Lines before the one containing "Renault Korea (Samsung)" are left out; copy that line and every later line through the end of the data exactly.

DATA SEGMENT section start

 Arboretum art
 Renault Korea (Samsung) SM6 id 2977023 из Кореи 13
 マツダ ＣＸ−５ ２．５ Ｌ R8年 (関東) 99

DATA SEGMENT section end

--- OUTPUT ---
 Renault Korea (Samsung) SM6 id 2977023 из Кореи 13
 マツダ ＣＸ−５ ２．５ Ｌ R8年 (関東) 99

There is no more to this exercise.